Monocytes (6-8% of WBCs) are the largest WBCs with kidney-shaped or horseshoe-shaped nucleus. They circulate in blood for 1-3 days then migrate into tissues where they differentiate into macrophages. Macrophage functions: phagocytosis of pathogens, dead cells, debris. Antigen presentation to T cells (professional antigen-presenting cells). Secretion of cytokines (IL-1, IL-6, TNF-alpha) that orchestrate inflammation. Tissue-specific macrophages: Kupffer cells (liver), alveolar macrophages (lung), microglia (brain), osteoclasts (bone resorption). Monocytosis (high monocytes): chronic infection (TB, malaria), autoimmune diseases, monocytic leukaemia.

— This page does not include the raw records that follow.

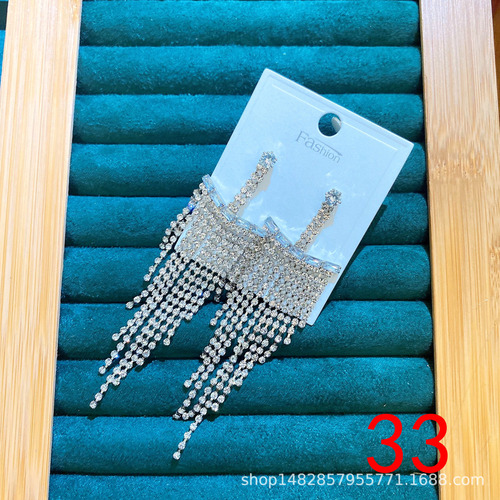 One piece dropshipping 925 silver needle European and American new heavy industry earrings for women mixed batch tassel long zircon earrings wholesale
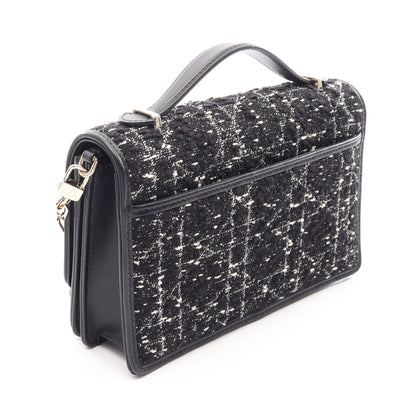 MY DIOR 2WAY ハンドバッグ ツイード レザー ブラック ホワイト クリスチャンディオール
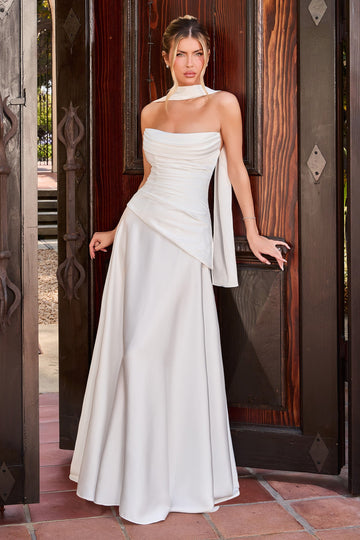 White Fitted Strapless Scarf Gown | Ladivine 7432W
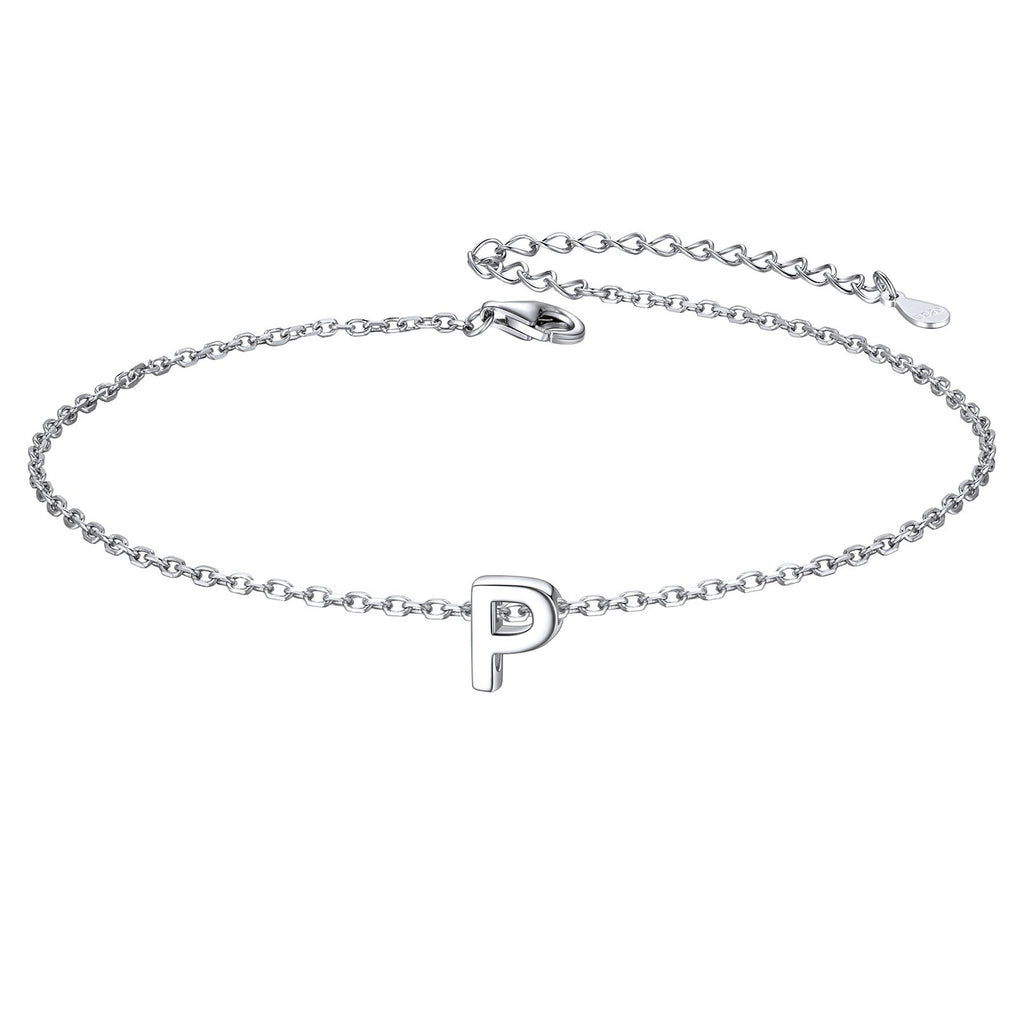 Sterling Silver Initial Cable Chain Ankle Bracelet for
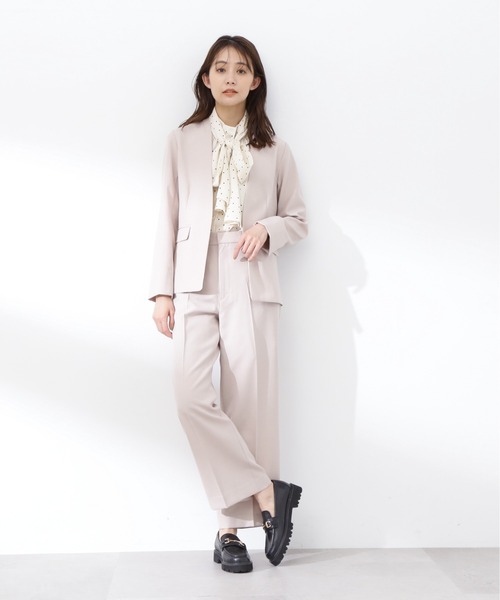 N.（N. Natural Beauty Basic）（エヌエヌナチュラルビューティーベーシック）の「ドライタッチノーカラージャケット（ノーカラージャケット・レディース・ネイビー/ベージュ・SMALL/MEDIUM）」の10枚目の写真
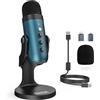 ZealSound Microfono a condensatore, Microfono del telefono, microfono gaming per PC, asmr microfono, microfoni Plug&Play per PS 4&5, pulsante mute per TikTok, podcast YouTube su Mac/Windows-verde buio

4. What is basophil function?
Basophils (0.5-1% of WBCs, least numerous): contain large dark granules with histamine and heparin. Histamine: released during allergic reactions → vasodilation, increased vascular permeability, smooth muscle contraction → allergy symptoms (runny nose, itching, bronchospasm). Heparin: anticoagulant — prevents blood clotting in tissues. Basophils are similar to mast cells (which are tissue-based and not typically circulating). Both are activated by IgE-allergen complexes (type I hypersensitivity/immediate hypersensitivity). Basophilia (high basophils): chronic myeloid leukaemia (CML), allergic reactions, hypothyroidism.
5. What are the types of immunity and how do they differ?
Natural immunity (innate): inherited, non-specific, present from birth. Examples: skin (barrier), stomach acid (pH), phagocytes, complement, interferons. No memory. Acquired immunity: specific, develops during lifetime. Two types: Active immunity: person produces own antibodies. Natural active: after natural infection (lifelong immunity after measles). Artificial active: after vaccination (inject antigen → body makes antibodies + memory cells). Passive immunity: antibodies received from another source. Natural passive: maternal IgG crosses placenta and IgA in breast milk to newborn. Artificial passive: injection of ready-made antibodies (e.g., anti-tetanus serum, anti-rabies immunoglobulin). Passive immunity: immediate but short-lived (no memory cells formed). Active immunity: takes time to develop but long-lasting (memory cells).